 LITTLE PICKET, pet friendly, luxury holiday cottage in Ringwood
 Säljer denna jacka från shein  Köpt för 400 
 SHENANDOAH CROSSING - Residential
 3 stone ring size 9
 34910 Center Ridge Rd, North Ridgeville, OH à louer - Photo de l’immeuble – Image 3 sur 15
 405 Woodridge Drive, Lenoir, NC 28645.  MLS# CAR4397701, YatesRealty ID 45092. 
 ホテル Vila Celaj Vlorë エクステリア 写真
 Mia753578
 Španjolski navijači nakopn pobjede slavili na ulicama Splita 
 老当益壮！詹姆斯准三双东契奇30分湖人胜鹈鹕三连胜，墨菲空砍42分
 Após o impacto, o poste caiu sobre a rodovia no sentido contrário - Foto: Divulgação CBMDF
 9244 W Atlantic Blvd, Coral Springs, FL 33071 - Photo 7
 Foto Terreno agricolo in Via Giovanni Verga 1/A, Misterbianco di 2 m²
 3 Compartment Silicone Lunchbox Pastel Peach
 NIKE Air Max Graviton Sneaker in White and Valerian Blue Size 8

══════════════════════════════

PROBLEM DETAILS: Copy every line of the data that holds the string "Foto".

ANSWER SPACE:
 Após o impacto, o poste caiu sobre a rodovia no sentido contrário - Foto: Divulgação CBMDF
 Foto Terreno agricolo in Via Giovanni Verga 1/A, Misterbianco di 2 m²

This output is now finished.